## AIM OF THE EXERCISE
Go through the data and copy every line exactly, but not the images.

☆ ☆ ☆ ☆ ☆

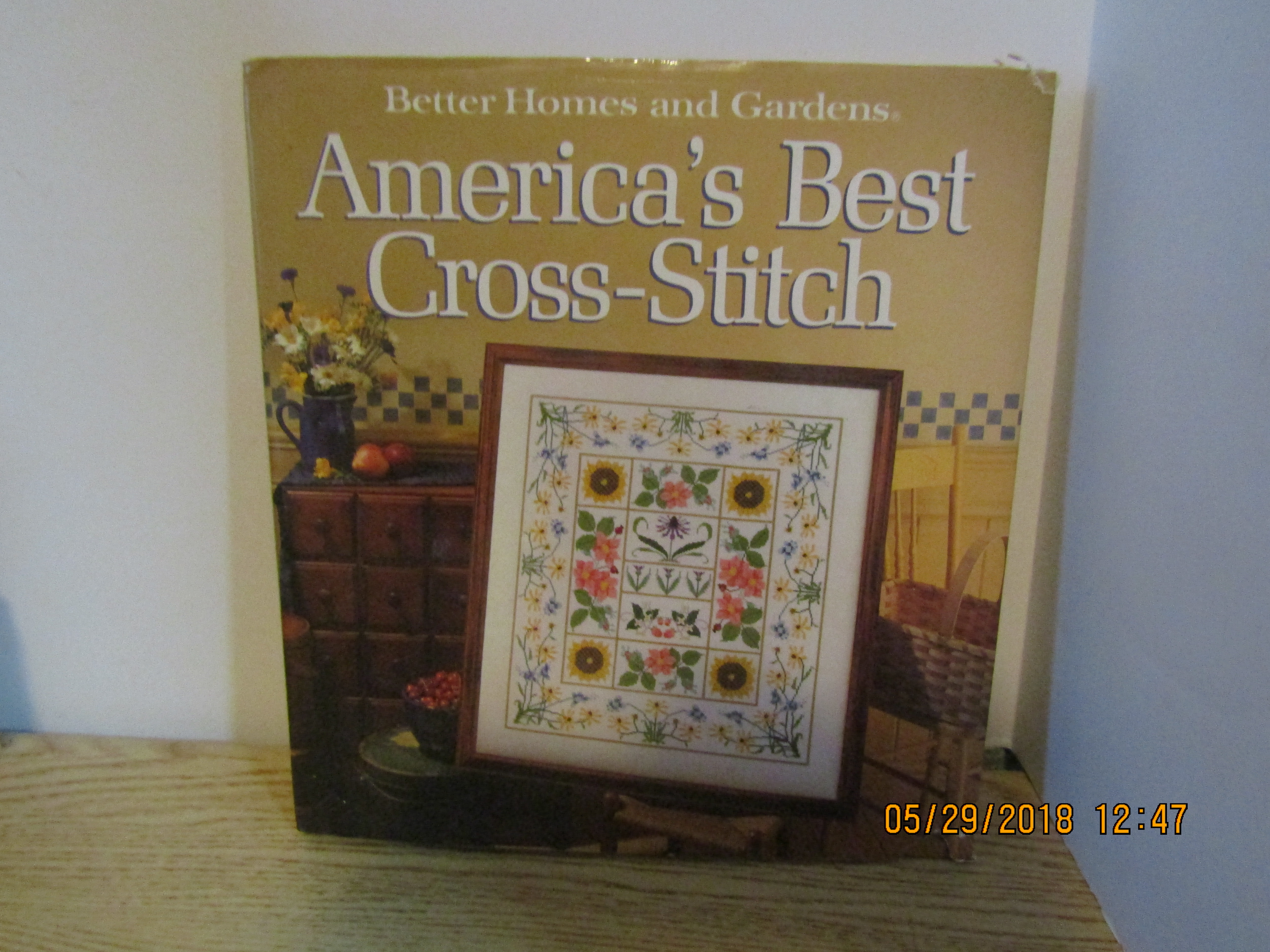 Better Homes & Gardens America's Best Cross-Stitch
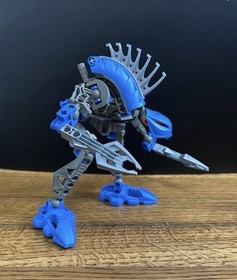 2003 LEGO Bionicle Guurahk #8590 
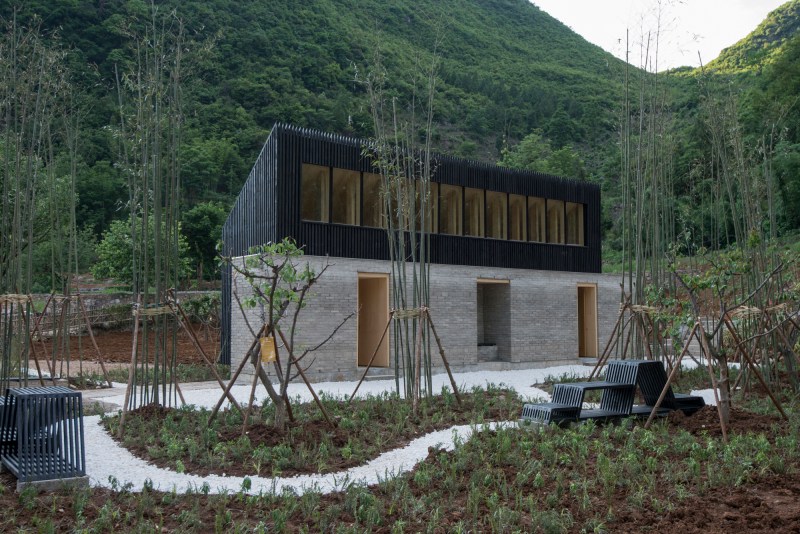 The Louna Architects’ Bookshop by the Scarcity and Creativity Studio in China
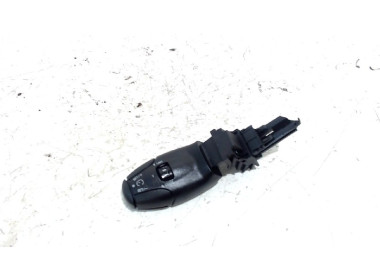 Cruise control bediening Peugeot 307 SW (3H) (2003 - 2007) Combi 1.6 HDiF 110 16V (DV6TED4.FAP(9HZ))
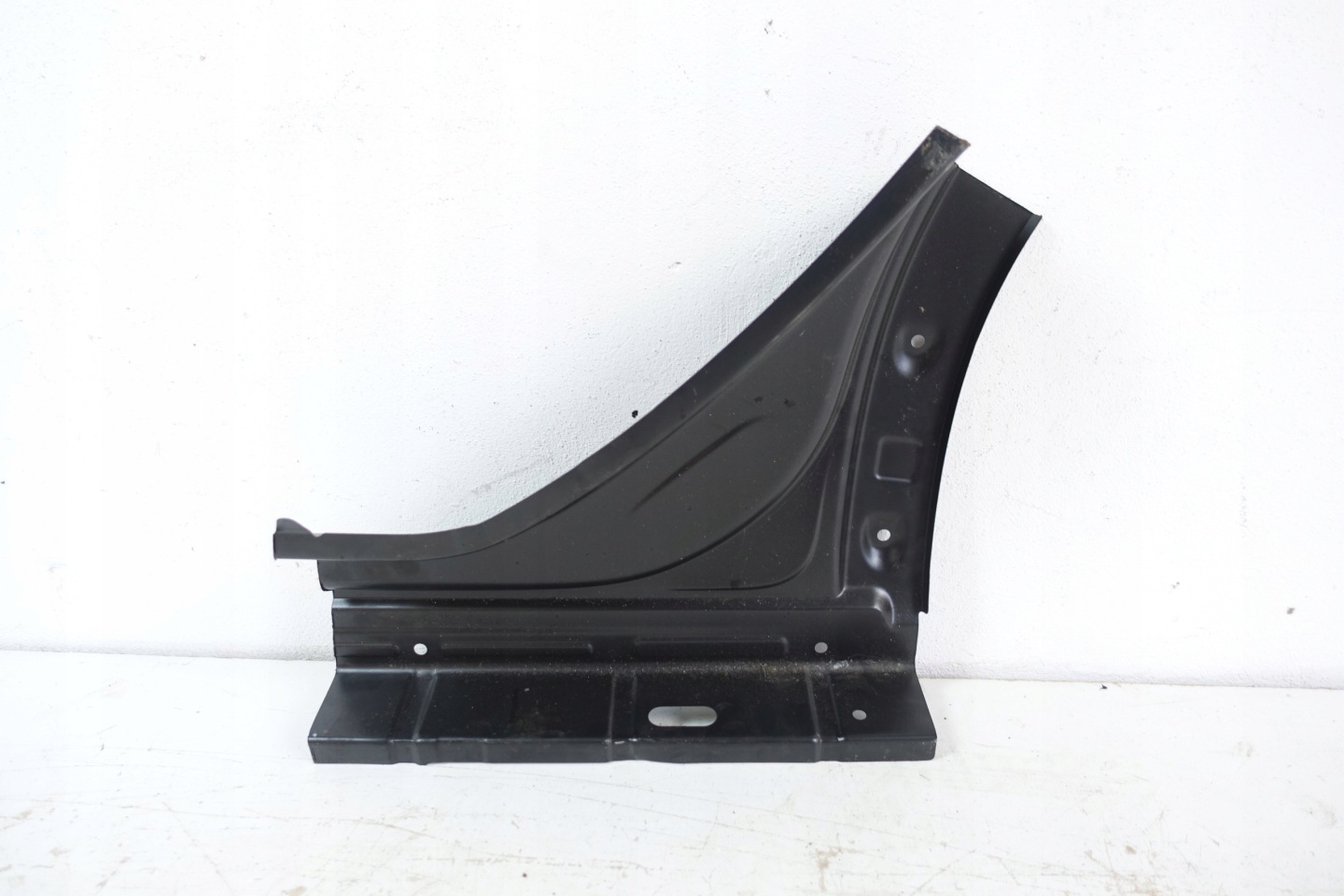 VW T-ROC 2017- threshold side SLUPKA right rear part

☆ ☆ ☆ ☆ ☆

## RESPONSE TO THIS EXERCISE
 Better Homes & Gardens America's Best Cross-Stitch
 2003 LEGO Bionicle Guurahk #8590 
 The Louna Architects’ Bookshop by the Scarcity and Creativity Studio in China
 Cruise control bediening Peugeot 307 SW (3H) (2003 - 2007) Combi 1.6 HDiF 110 16V (DV6TED4.FAP(9HZ))
 VW T-ROC 2017- threshold side SLUPKA right rear part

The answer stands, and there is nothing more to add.